Thursday 18 November 2021

Cleaning shoes and how to stop your wax cracking

 If you clean your shoes just for the sake of it, not minutes before you are due to go out, of when you have just been out and got them all muddy or covered with some disgusting material, not that I count mud as disgusting, it will bring great satisfaction.

From a young age, my father when getting me up in the mornings, would get me to clean my shoes.  He often cleaned his own at the same time.  In the tropics when your shoes can go 'mouldy' overnight under your bed, it was essential to have this daily maintenance.  We didn't have several pairs of shoes, just the one pair for school, one for best, and rubber flipflops.

I don't remember my younger siblings being involved.  My father said caring and looking after your clothes, was a habit he picked up in the army.  When I clean my shoes I thank my father for having instilled in me the pleasure of looking after what you have.



Today I cleaned both pairs of my Un Loops, Mr S's shoes and my walking boots.  The black and brown pairs of brushes date back to my school days. Yes spit does work! 

One of the great gripes I have had with tins of shoe polish is that the wax soon goes hard and cracks.  When I say soon, I mean perhaps after a couple of years.  Once the wax goes that way it is difficult to use. When I had a gas cooker, I would gently warm up the wax till it melted.  Ideally the whole tin should last till the very end.  The culprit is evaporation! If you find a tiny hole in the lid of your tin of polish, cover it with a bit of tape, and make sure your tins are properly closed when storing in you shoe cleaning cady.


 

Just as I thought to post about my love of clean shoes and shoe cleaning, I decided to search to see if anyone else has mentioned this problem.  Hah!  Others have too,,,and I came across this. 

Cleaning shoes is just the thing for a rainy day!

After several unanswered e-mails, a registered letter and a hastily placed long-distance call to Douglassville directory assistance, I found that Sara Lee Corporation had purchased Kiwi Brands. Lorraine answered their customer assistance hotline.

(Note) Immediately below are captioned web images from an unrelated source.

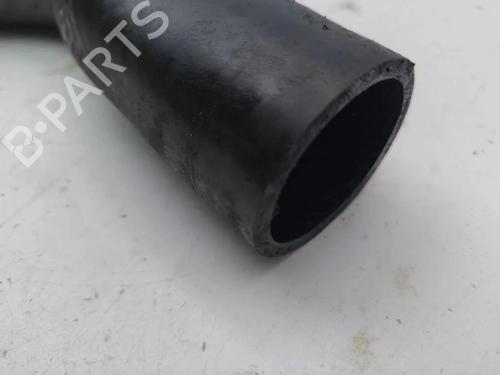 Pipe TOYOTA COROLLA (_E12_) 2.0 D-4D (CDE120R, CDE120L_) | BP36063252M125 - Image 6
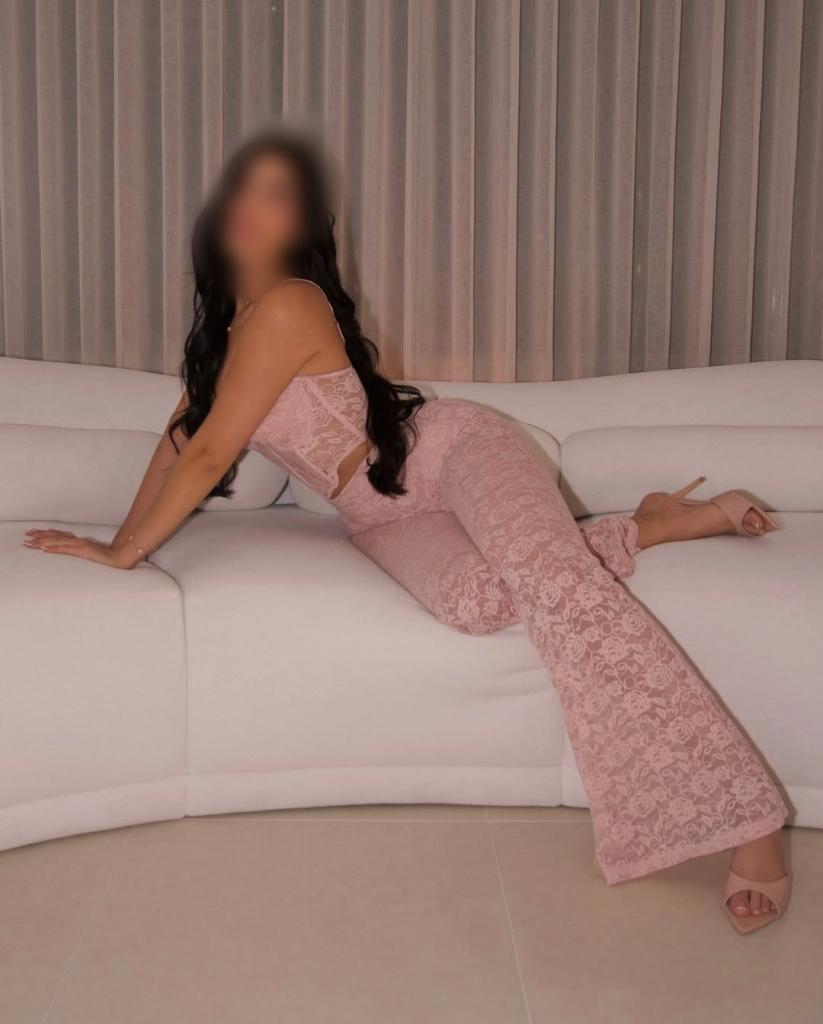 Chica busca chico en Tarragona: 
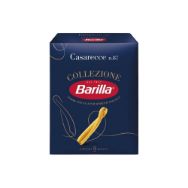 Pilt Barilla pasta Casarecce, 500g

It turned out that we had the solution entirely backwards. The holes were placed in the lids to let an “oily goo” evaporate! Several batches of the black shoe wax were apparently mixed incorrectly and an oily substance (Lorraine’s words) was rising to the surface of the polish. Once Kiwi headquarters was made aware of the problem they were faced with throwing out all of their stock from these batches, which would cost a lot of money, or else fixing the problem as cheaply as possible. They opted for the latter. Temporary workers were set to the task of punching a small hole in the lid of each tin in the affected batches. . These tins were left sitting in storage and the holes were covered prior to shipping.